Macro focus is a term that refers to close-up photography. Macro mode is most often used when trying to get up close and personal with really tiny objects such as insects, flowers, jewellery and small toys. Check out the above photo of a tiny insect to get an idea of what macro photography is all about. So the next time you want to get a perfect picture of a flower, you know which mode to select on your camera phone!
The opposite of macro focus, infinity mode, adjusts your focus for distant objects. It helps the user capture as much detail in his shot as possible. Ever tried capturing a picturesque landscape, only to realise that the mountains are slightly out of focus? Try using infinity mode here and you’ll get quite pleasant results!

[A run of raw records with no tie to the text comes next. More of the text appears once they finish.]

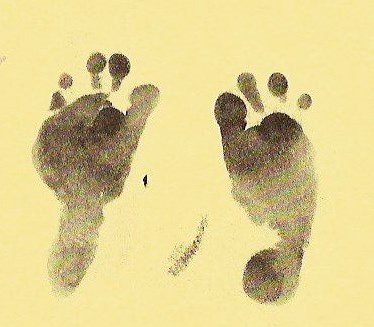 Anna's  little feet (they look just like Evan's and Jack's).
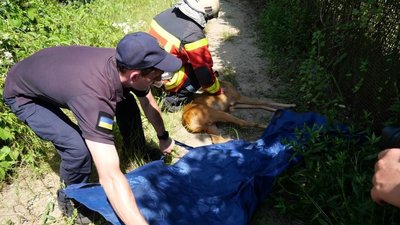 Тікала від собак та врізалась у паркан: у Запоріжжі співробітники ДСНС врятували косулю Тікала від собак та врізалась у паркан: у Запоріжжі співробітники ДСНС врятували косулю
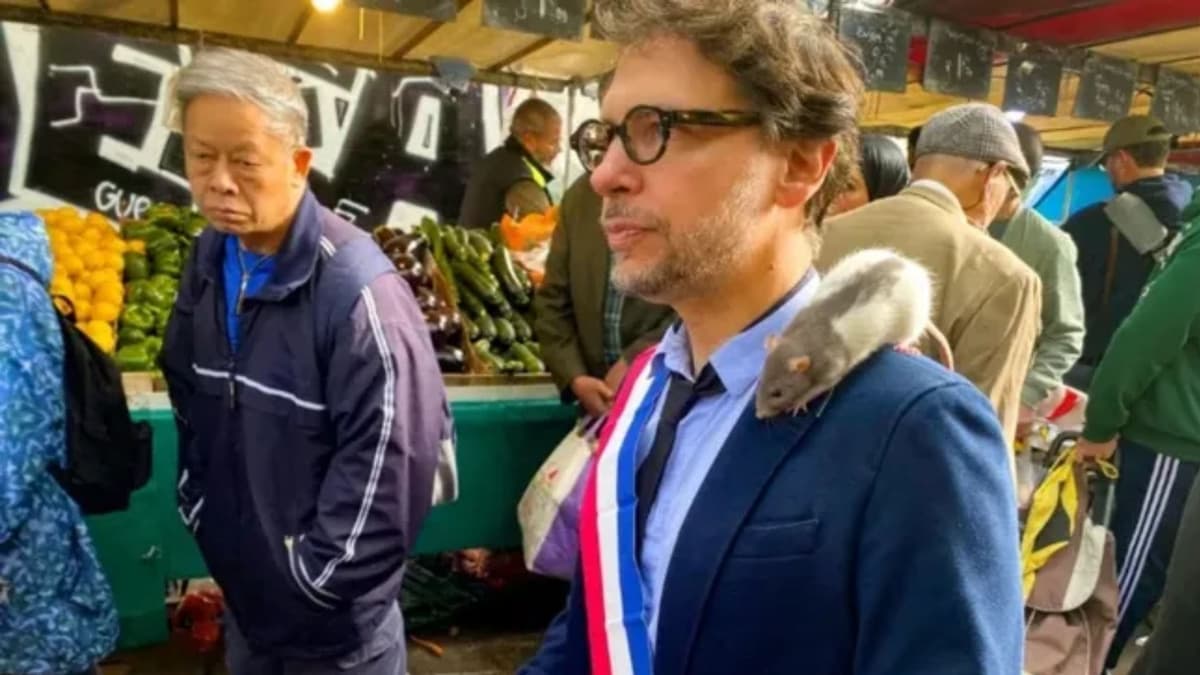 Político de París busca promover la convivencia con ratas y eliminar su mala imagen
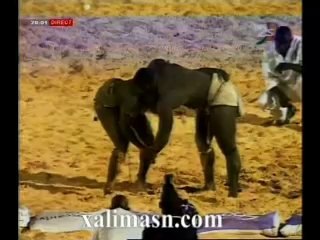Modou Lo terrasse Eumeu Sene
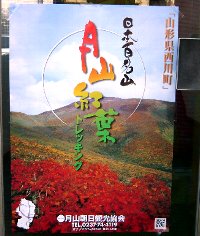 071015gassan-kouyou.jpg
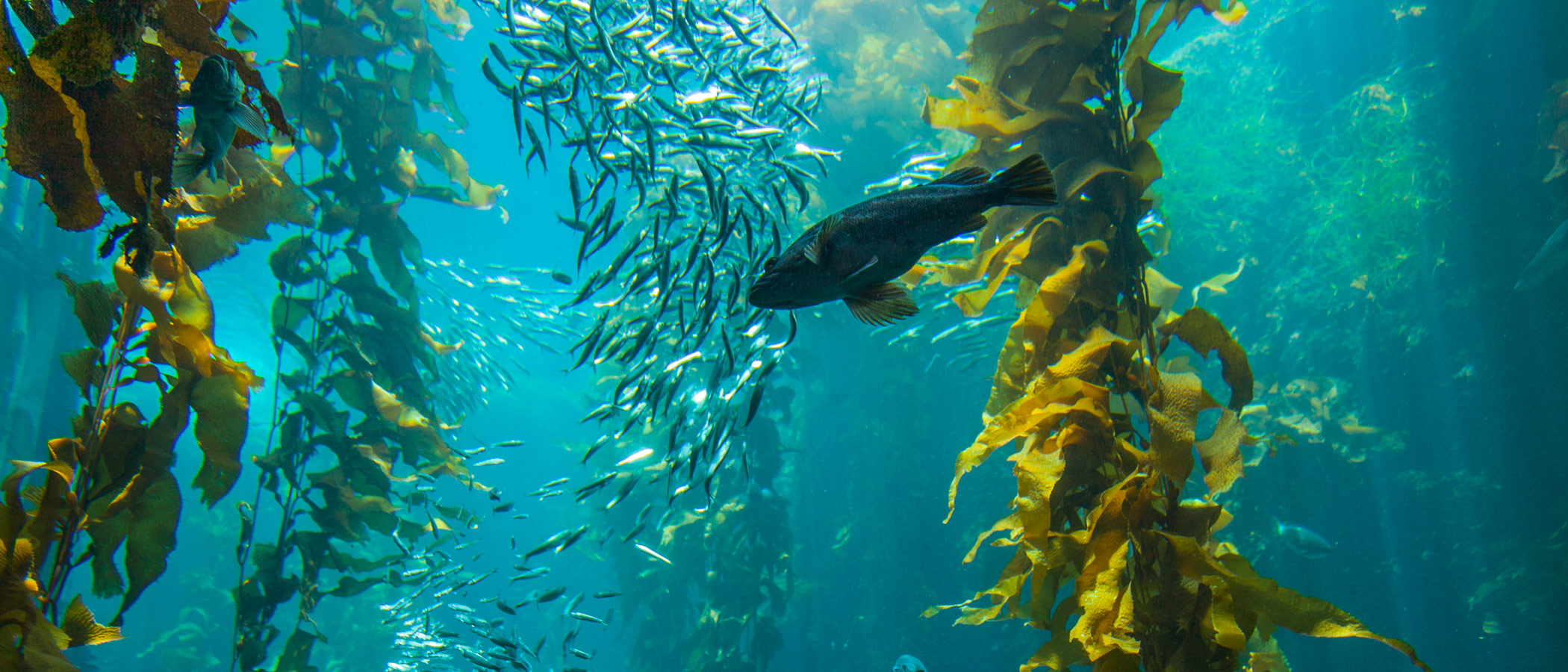 Undersea kelp forests in California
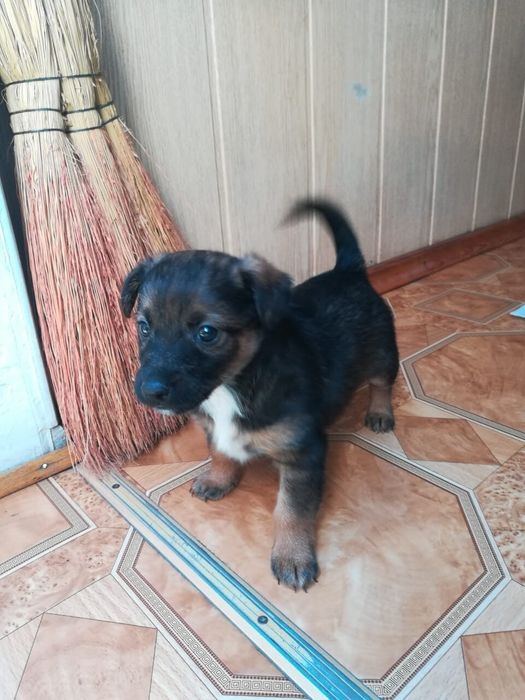 Щеночка в добрые руки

Let’s not confuse this exposure with shutter speed exposure, although they pretty much work the same way. In most mobile phones, the option labelled as “Exposure” actually refers to “Exposure Compensation”. If you feel your images are coming a little too bright or maybe a little too dark, simply adjust the exposure compensation settings accordingly to achieve the perfect picture. Simple?
HDR or HDR+ Mode
HDR refers to High Dynamic Range photography which basically enhances the dynamic colour range of your pictures. In English? All right. This mode takes several photos at varied exposure levels and then merges them into one image, to give you the best colours for darks, lights and mid tones. With HDR mode on, you will mostly have to hold the camera still for a second or two, to capture the image accurately. There is no need to use a tripod, as the images are shot at a quick shutter speed, but as there are multiple shots taken, it takes a few moments. This may not be the best mode for shots of moving objects, but it does exceedingly well for landscape photography.

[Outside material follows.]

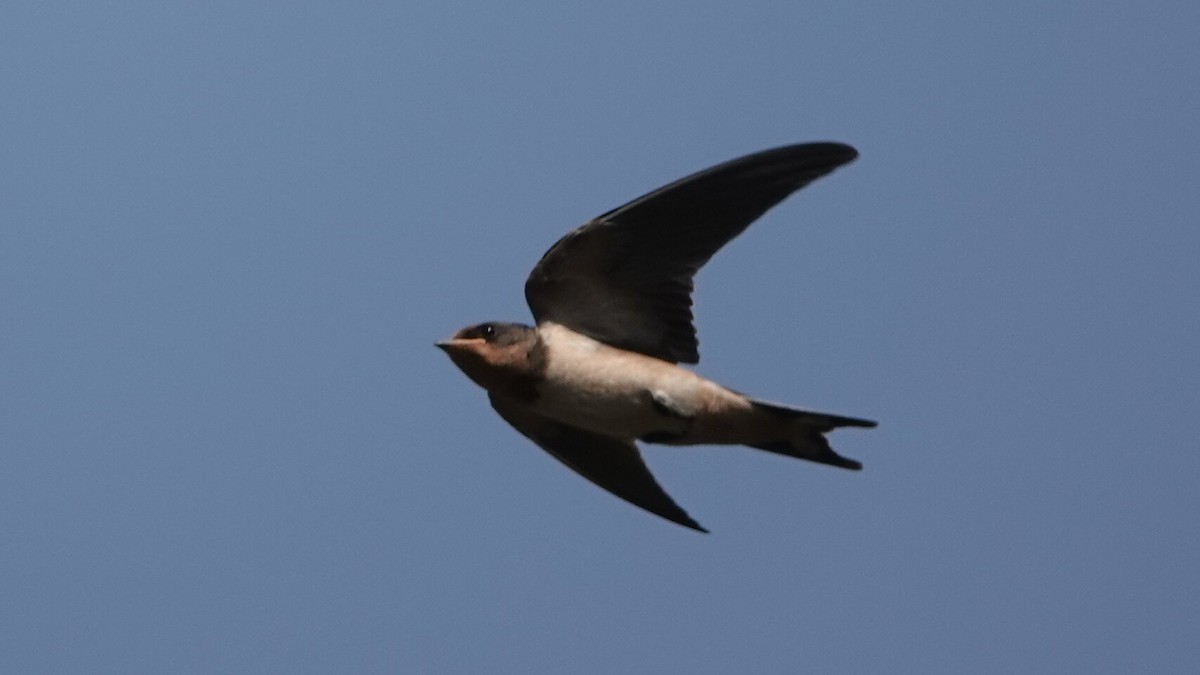 Golondrina Común - ML640452033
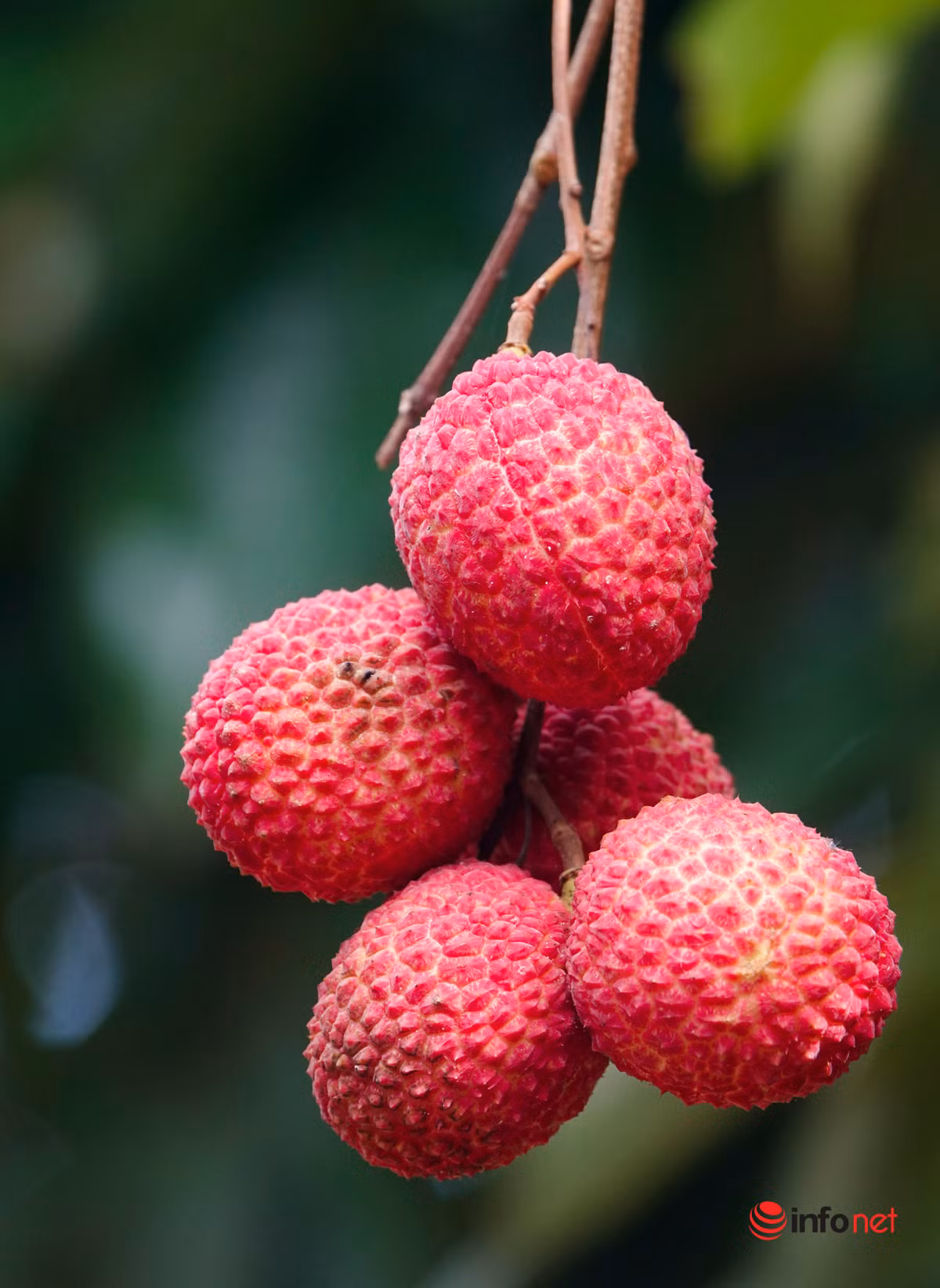 Về màu sắc, những quả vải không hạt có màu đỏ hơn và phần cuống nhỏ hơn quả vải thường. Ảnh: Infonet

AWB stands for ‘Auto White Balance’ mode, and you usually have an option to change it to one of the other presets, namely, Incandescent, Sunny, Cloudy and Florescent. This option helps you adjust the temperature hue of your photographs. Again, in plain English, it refers to the reddish or bluish tinge that an image has. So for photos that are taken during a bright sunny day, AWB will automatically compensate for the extra reddish tinge and give you a pleasing image. Should you feel the need to experiment a bit, try changing to any of the above mentioned presets.
Now that you know how your smartphone camera works, get out there and get snapping!